The author has succeeded, indeed, in steering a safe course between the Scylla of adulatory comrades and the Charybdis of enemies of the system or, as he would perhaps prefer to formulate it, between the Daily Worker and the Dies Committee; still, we shall not be surprised that an objectivity resulting from an equidistance from two parochialisms does not rise very high above the level on which the exaggerated distortions occur. In order to illustrate the result, I shall comment on a few of the points that attracted my attention in the chapter on “The Soviet State.”

(1) On pages 291 ff. the author discusses the election system of 1918, with its method of indirect election, under which the lower Soviets send delegates to the next higher, through a hierarchy of four levels, up to the central representation. Schuman compares this system with the indirect election of the United States Senate and president under the constitutional provisions of 1789 and with “the traditional form of American political party organization.”

The com­parison, which obviously tries to engage the reader’s sympathy, is mistaken.
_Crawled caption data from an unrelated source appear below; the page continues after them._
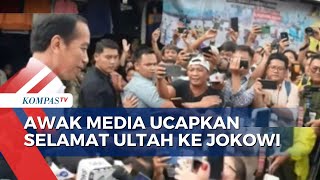 Momen Awak Media hingga Warga Ucapkan Selamat Ulang Tahun ke Presiden Jokowi!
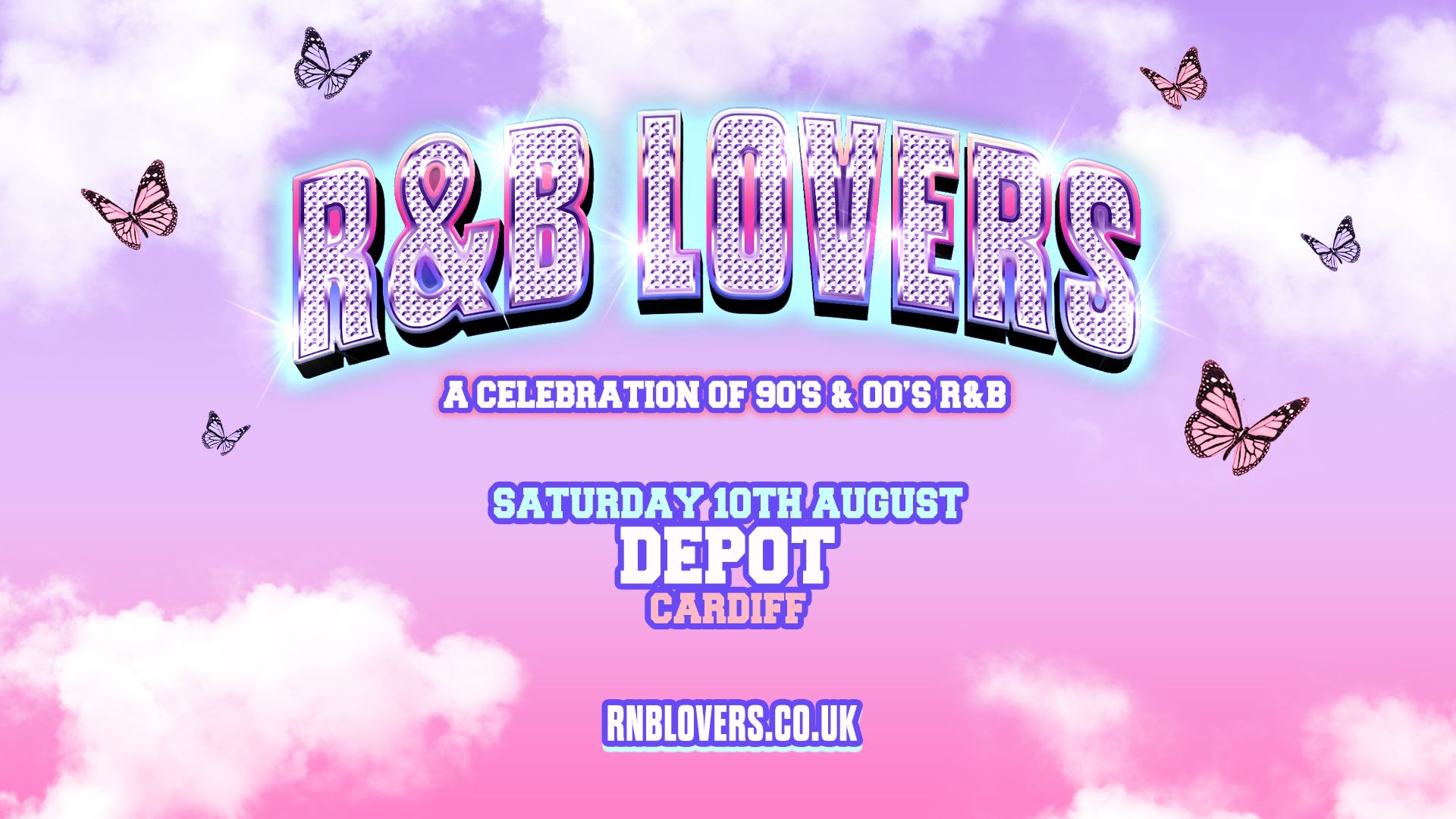 R&B Lovers – Saturday 10th August – DEPOT Cardiff [FINAL TICKETS!]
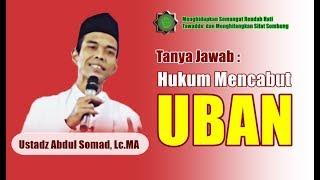 Law of Revoking Uban | Ustadz Abdul Somad, Lc.MA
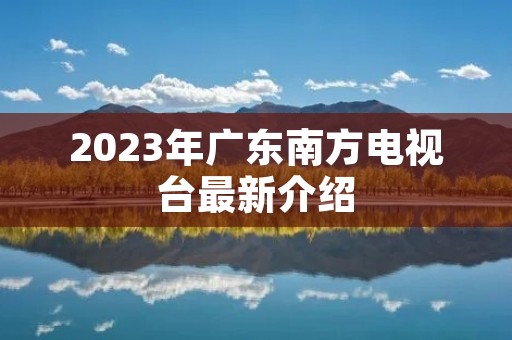 2023年广东南方电视台最新介绍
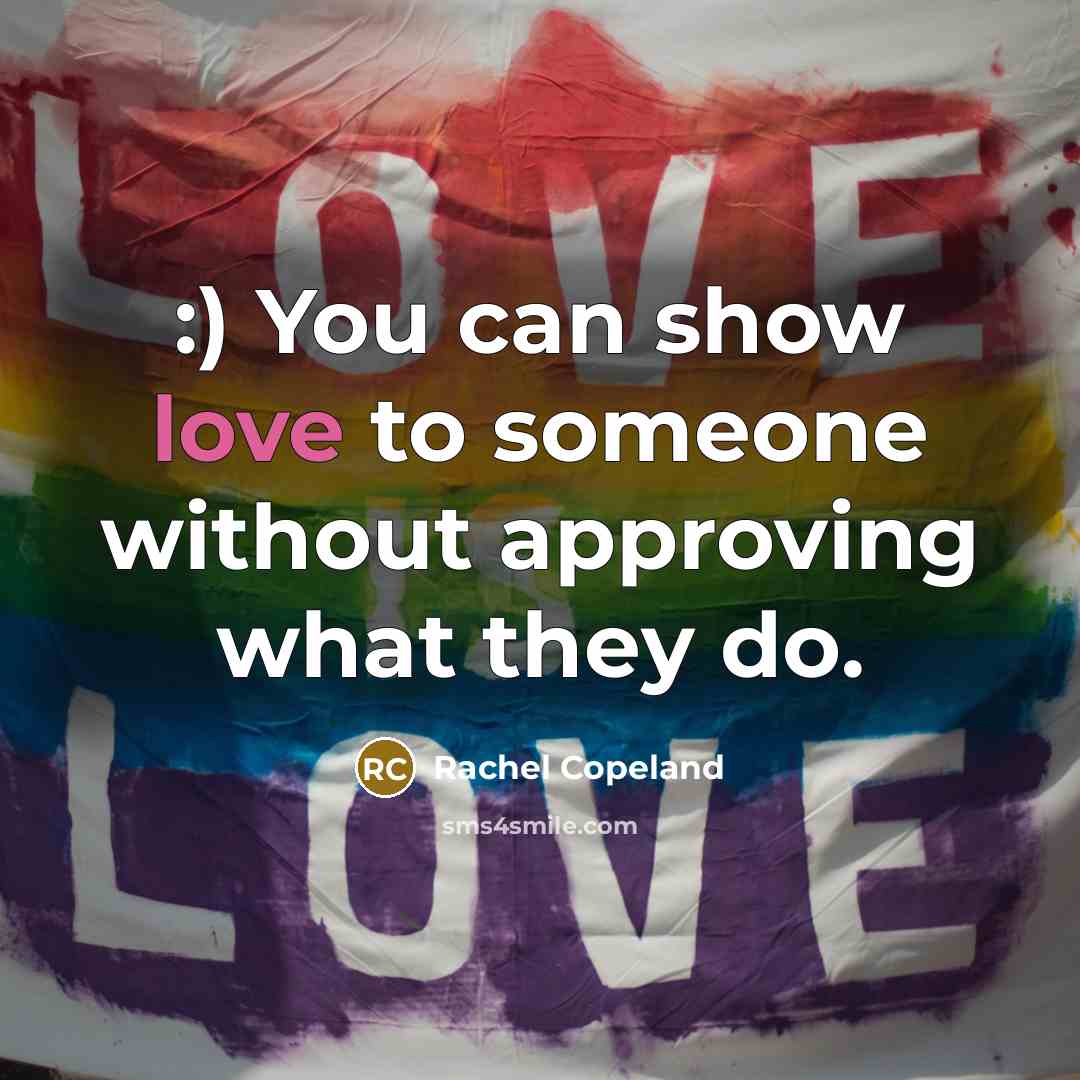“:) You can show love to someone without approving what…” quote by Rachel Copeland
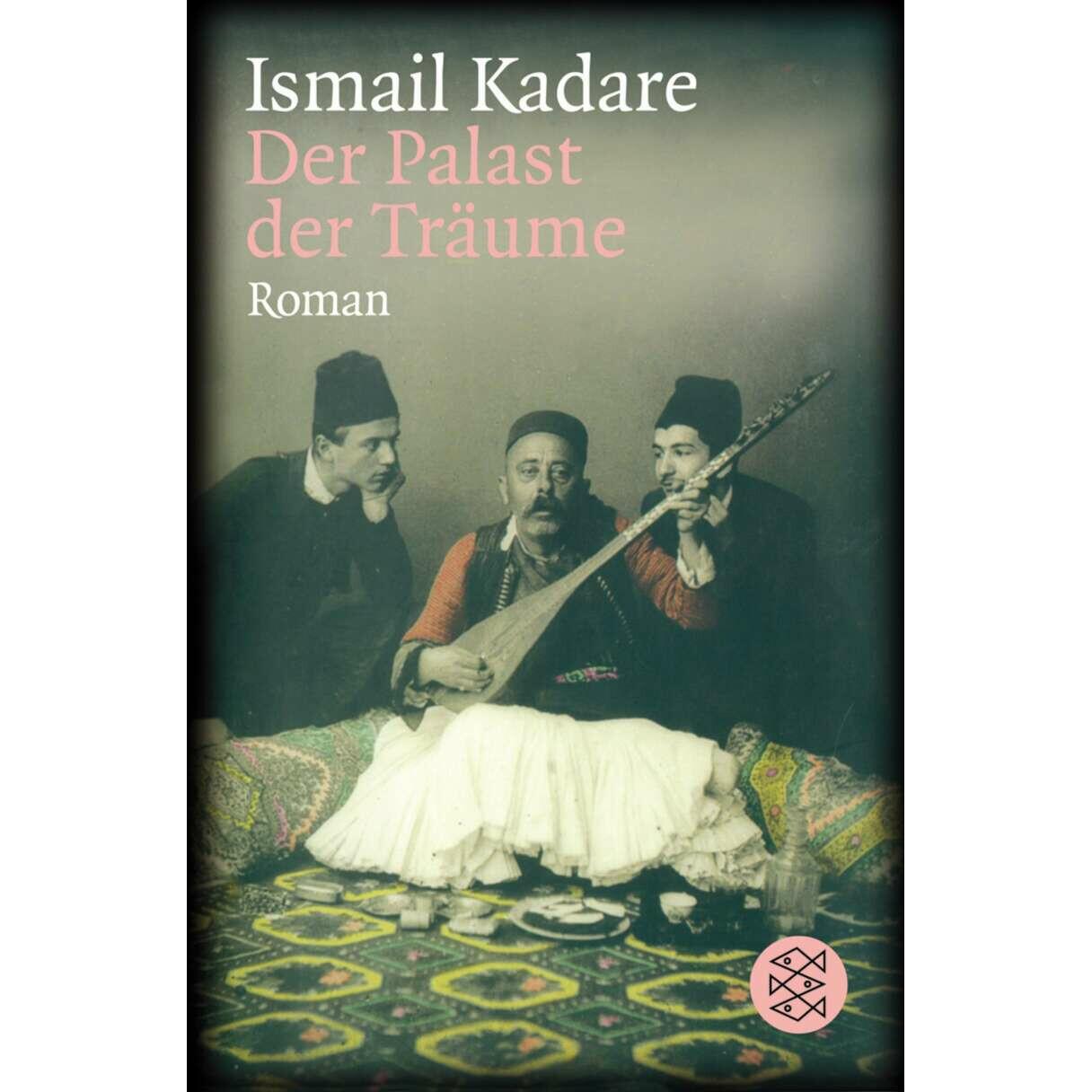Der Palast der Träume, Belletristik von Ismail Kadare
In the first place, the Russian indirect system was applied, not to a Senate or president, but to a body that functionally would correspond to the House of Representatives. In the second place, the American indirect election has one level of indirection, and not four like the Russian, for the vast majority of the electorate; and third, the election to a representative legislative body is one thing, while an internal party organization is quite another.

Moreover, the method of election of 1918 is not at all inspired by Western mod­els but is an adaptation of the electoral law of June 3, 1907, which Stolypin devised in order to get rid of the liberal membership of the first and second Dumas. The electoral body was split by Stolypin’s law into four colleges of landowners, urban population, industrial workers, and peasants. The election was made indirect, with three stages for workers, four for the peasants. The electoral procedure of 1918 abolished the landowners and nonproletarian urban population but retained the device for workers and peasants. The arrangement permitted Stolypin to manipulate the representation in the desired direction, and the Communist Party used it with equal success.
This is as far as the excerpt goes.